Required action - Here is the task for the records below: repeat exactly the lines from the one with "NYC: Magical Christmas" to the one with "Plafón LED de", both included, and nothing else.

Task inputs -
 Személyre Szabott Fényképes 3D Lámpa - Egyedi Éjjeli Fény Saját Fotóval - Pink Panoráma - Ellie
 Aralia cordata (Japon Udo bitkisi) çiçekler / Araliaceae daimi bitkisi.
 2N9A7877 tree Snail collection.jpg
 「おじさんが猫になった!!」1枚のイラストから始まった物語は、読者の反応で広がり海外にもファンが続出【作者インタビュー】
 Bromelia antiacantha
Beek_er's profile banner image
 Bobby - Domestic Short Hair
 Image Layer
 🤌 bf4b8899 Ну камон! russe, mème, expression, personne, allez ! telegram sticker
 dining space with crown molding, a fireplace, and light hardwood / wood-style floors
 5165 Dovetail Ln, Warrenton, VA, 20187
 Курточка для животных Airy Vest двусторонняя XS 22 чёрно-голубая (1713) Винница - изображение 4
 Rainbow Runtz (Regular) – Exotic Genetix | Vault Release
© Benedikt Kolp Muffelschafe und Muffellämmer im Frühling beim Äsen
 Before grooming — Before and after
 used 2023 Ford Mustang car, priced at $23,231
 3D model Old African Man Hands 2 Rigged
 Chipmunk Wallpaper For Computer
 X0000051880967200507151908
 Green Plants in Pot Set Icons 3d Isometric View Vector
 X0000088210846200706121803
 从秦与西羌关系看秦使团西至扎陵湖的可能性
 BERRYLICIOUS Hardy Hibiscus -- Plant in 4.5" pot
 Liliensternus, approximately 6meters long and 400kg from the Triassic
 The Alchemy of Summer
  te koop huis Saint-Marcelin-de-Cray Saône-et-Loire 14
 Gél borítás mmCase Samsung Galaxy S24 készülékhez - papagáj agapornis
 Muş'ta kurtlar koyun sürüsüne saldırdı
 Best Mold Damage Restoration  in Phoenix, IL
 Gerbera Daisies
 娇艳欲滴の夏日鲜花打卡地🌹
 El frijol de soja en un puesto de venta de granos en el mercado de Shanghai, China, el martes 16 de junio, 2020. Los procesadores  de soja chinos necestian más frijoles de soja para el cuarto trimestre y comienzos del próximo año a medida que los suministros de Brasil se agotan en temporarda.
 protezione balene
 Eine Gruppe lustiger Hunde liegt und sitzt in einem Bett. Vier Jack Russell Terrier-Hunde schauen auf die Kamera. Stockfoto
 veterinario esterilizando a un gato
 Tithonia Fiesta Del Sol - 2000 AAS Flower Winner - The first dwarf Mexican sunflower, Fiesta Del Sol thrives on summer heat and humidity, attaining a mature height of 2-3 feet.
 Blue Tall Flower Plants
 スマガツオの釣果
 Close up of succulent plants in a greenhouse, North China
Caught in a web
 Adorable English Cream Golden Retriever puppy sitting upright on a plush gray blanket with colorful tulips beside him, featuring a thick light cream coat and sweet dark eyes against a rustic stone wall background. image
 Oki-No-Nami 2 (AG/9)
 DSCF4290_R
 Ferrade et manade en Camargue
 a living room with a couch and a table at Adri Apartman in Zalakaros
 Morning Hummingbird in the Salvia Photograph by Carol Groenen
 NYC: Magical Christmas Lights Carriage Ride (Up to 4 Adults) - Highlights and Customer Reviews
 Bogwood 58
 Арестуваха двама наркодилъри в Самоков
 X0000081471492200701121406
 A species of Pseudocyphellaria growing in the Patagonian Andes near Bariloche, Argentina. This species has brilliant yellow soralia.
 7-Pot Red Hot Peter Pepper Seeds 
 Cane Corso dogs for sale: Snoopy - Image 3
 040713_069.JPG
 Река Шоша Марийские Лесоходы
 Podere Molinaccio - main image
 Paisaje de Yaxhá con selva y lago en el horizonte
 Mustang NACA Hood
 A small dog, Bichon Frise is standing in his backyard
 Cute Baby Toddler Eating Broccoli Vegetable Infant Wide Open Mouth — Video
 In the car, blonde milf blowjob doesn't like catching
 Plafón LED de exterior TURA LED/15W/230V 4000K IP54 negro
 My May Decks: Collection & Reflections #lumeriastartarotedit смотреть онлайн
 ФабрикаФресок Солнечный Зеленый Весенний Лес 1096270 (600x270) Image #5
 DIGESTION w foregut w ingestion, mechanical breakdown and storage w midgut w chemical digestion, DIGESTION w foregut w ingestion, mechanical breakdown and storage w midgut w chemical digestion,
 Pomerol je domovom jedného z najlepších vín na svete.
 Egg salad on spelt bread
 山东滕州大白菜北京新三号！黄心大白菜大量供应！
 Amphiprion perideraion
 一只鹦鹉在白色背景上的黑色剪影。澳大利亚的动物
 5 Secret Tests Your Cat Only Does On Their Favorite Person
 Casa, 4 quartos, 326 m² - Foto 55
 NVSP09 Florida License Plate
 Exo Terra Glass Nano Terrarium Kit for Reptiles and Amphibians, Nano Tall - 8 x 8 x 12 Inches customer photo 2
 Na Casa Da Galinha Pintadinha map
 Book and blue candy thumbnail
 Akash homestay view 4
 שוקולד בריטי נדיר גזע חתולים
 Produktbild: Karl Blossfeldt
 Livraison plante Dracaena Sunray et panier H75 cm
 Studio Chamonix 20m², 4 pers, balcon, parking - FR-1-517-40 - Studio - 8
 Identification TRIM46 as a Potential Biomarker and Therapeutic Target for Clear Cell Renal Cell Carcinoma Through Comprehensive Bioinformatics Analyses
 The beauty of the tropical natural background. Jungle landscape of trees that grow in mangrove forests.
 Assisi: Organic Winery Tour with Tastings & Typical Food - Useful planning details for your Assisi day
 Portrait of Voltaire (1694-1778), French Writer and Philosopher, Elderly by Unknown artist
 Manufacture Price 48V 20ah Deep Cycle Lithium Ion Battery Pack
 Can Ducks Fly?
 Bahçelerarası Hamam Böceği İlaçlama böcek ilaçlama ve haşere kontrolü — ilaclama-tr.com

Solved exercise -
 NYC: Magical Christmas Lights Carriage Ride (Up to 4 Adults) - Highlights and Customer Reviews
 Bogwood 58
 Арестуваха двама наркодилъри в Самоков
 X0000081471492200701121406
 A species of Pseudocyphellaria growing in the Patagonian Andes near Bariloche, Argentina. This species has brilliant yellow soralia.
 7-Pot Red Hot Peter Pepper Seeds 
 Cane Corso dogs for sale: Snoopy - Image 3
 040713_069.JPG
 Река Шоша Марийские Лесоходы
 Podere Molinaccio - main image
 Paisaje de Yaxhá con selva y lago en el horizonte
 Mustang NACA Hood
 A small dog, Bichon Frise is standing in his backyard
 Cute Baby Toddler Eating Broccoli Vegetable Infant Wide Open Mouth — Video
 In the car, blonde milf blowjob doesn't like catching
 Plafón LED de exterior TURA LED/15W/230V 4000K IP54 negro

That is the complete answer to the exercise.